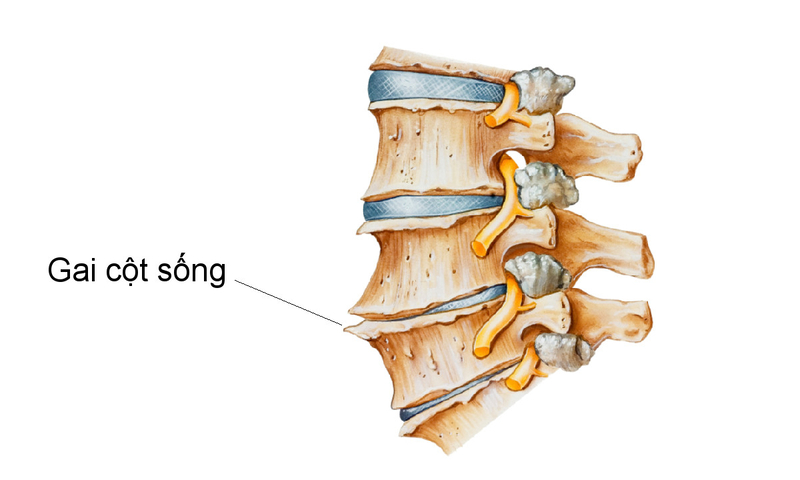 Tình trạng gai cột sống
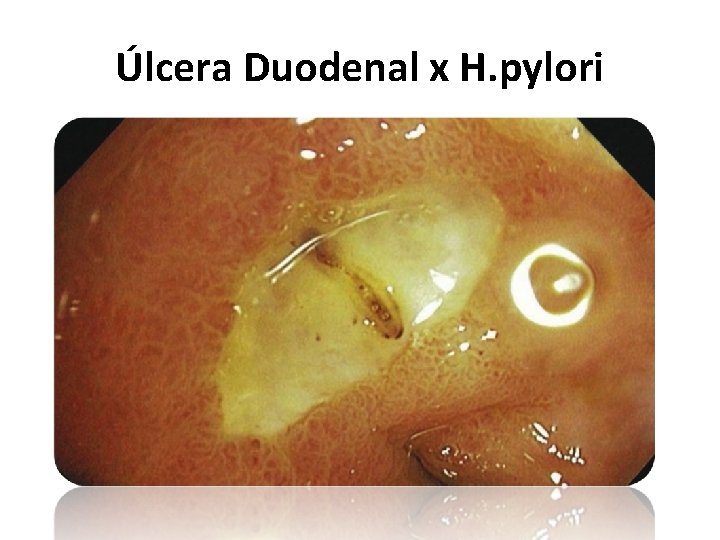 Úlcera Duodenal x H. pylori 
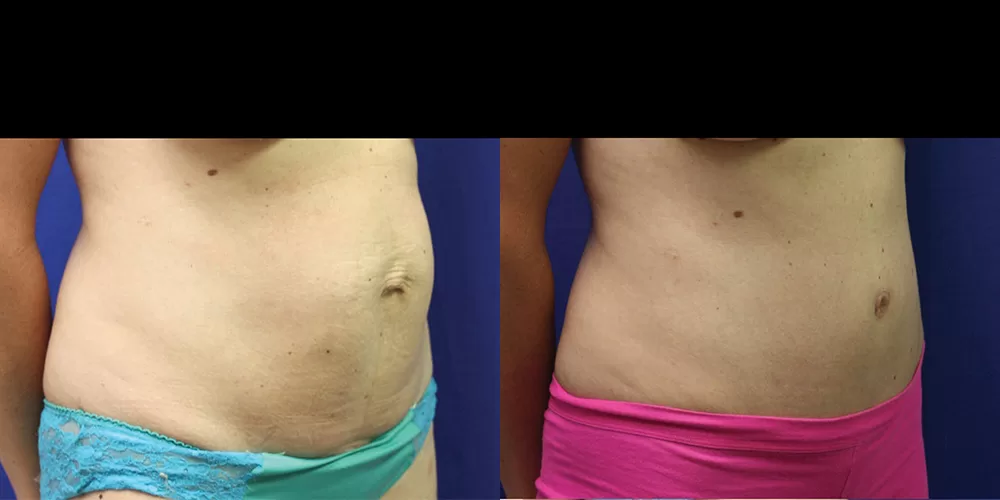 Moratis plastic surgery tummy tuck patient 36b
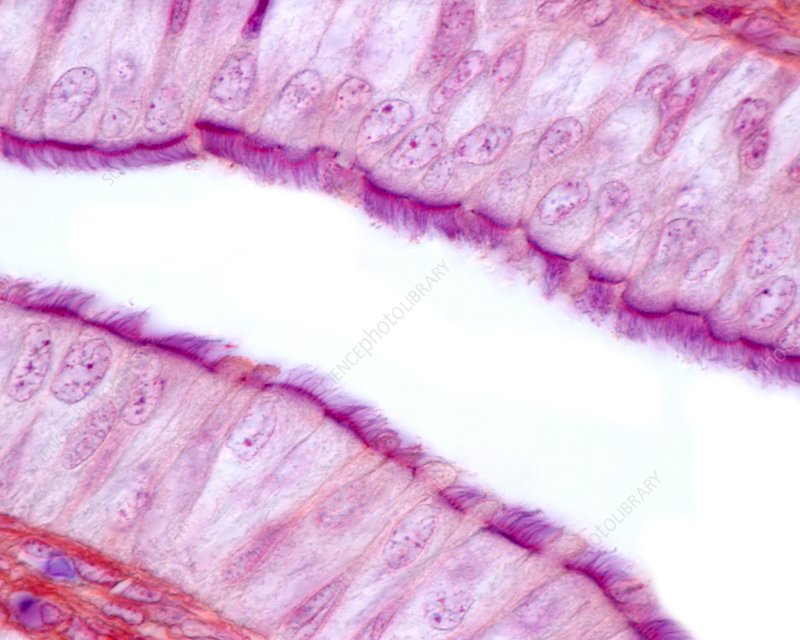 <p>ciliated simple columnar ET </p>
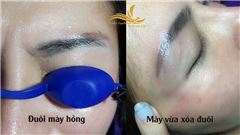 Xóa Xăm Chân Mày An toàn và hiệu quả tại Hà Nội Xóa Xăm Chân Mày An toàn và hiệu quả tại Hà Nội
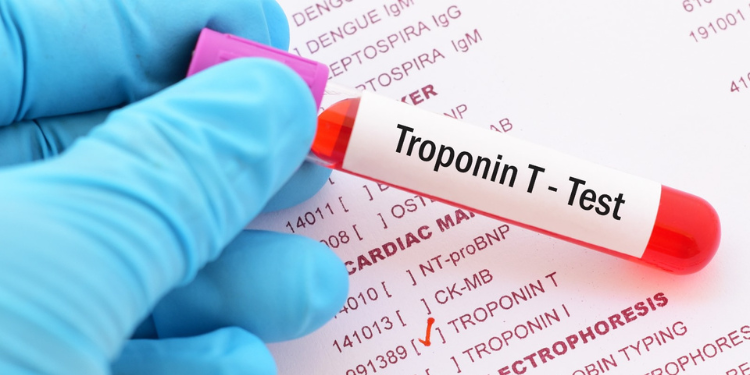 Ce este troponina și ce rol are această în diagnosticarea bolilor cardiace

Exercise goal.
After locating the line with "Moratis plastic surgery", transcribe it and the rest of the data above exactly as written, without any picture.

Answer area.
 Moratis plastic surgery tummy tuck patient 36b
 <p>ciliated simple columnar ET </p>
 Xóa Xăm Chân Mày An toàn và hiệu quả tại Hà Nội Xóa Xăm Chân Mày An toàn và hiệu quả tại Hà Nội
 Ce este troponina și ce rol are această în diagnosticarea bolilor cardiace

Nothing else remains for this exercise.